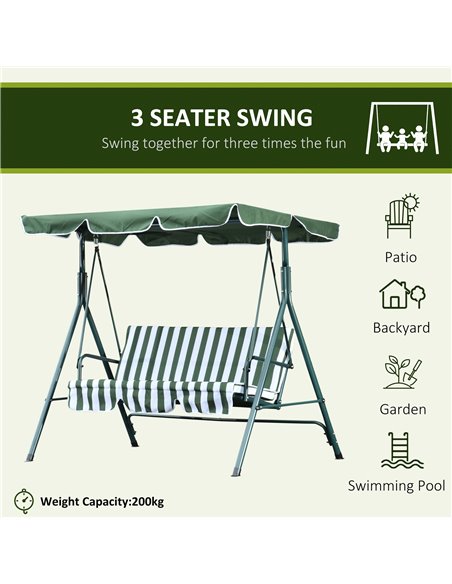Outsunny Steel 3-Seater Swing Chair w/ Adjustable Canopy Green - pic 11996 | FastDaddyshop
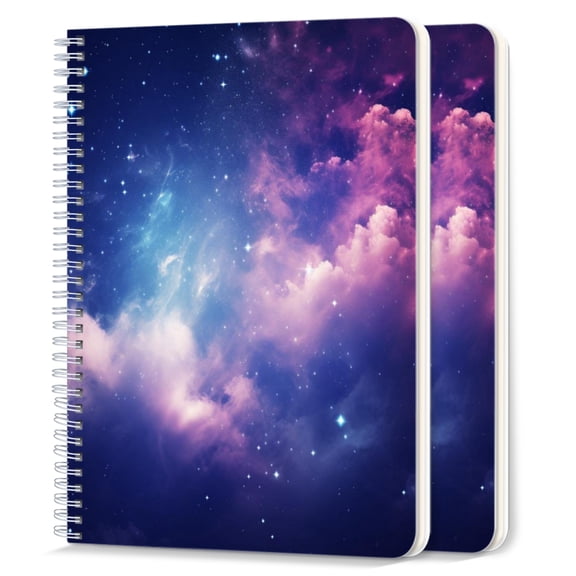 Spiral Notebook,College Ruled Journal,8.26" x 5.71" 50 Sheets/100 Pages,2 Pack - Beautiful Background of Space With Clouds And Stars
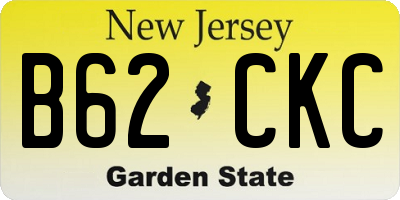 NJ license plate B62CKC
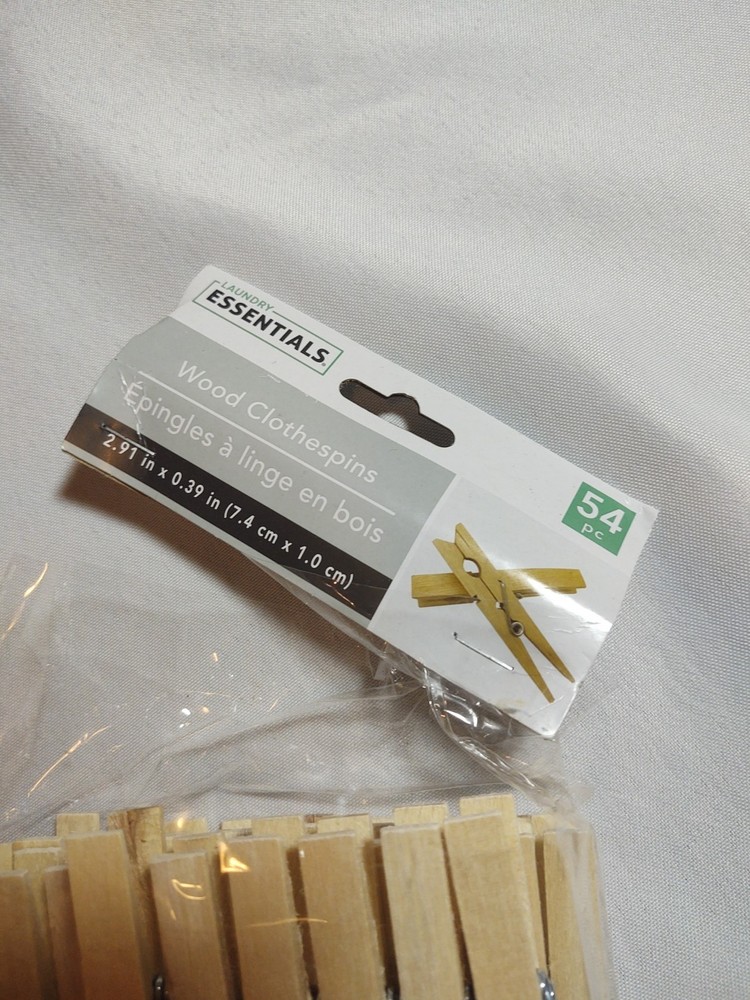 Essentials Wooden Clothespins 52 Pk Wood Spring Clips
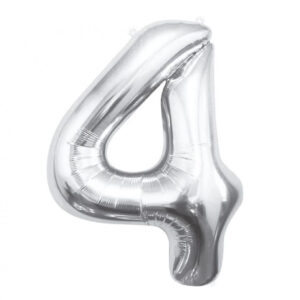 Number Silver, silver folieballong siffra 4, 85 cm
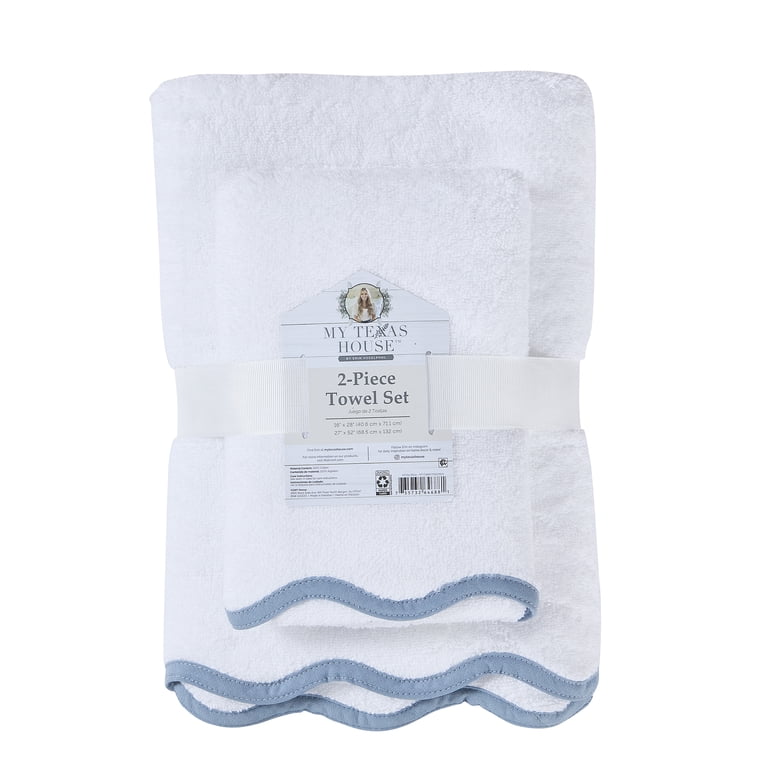My Texas House Whitney Cotton Hand and Bath Towel Set, Blue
━━━━━━━━━━━━━━━━━━━━
- Task to complete: Set down the entries word for word, omitting all pictures.

- Reply to the exercise:
Outsunny Steel 3-Seater Swing Chair w/ Adjustable Canopy Green - pic 11996 | FastDaddyshop
 Spiral Notebook,College Ruled Journal,8.26" x 5.71" 50 Sheets/100 Pages,2 Pack - Beautiful Background of Space With Clouds And Stars
 NJ license plate B62CKC
 Essentials Wooden Clothespins 52 Pk Wood Spring Clips
 Number Silver, silver folieballong siffra 4, 85 cm
My Texas House Whitney Cotton Hand and Bath Towel Set, Blue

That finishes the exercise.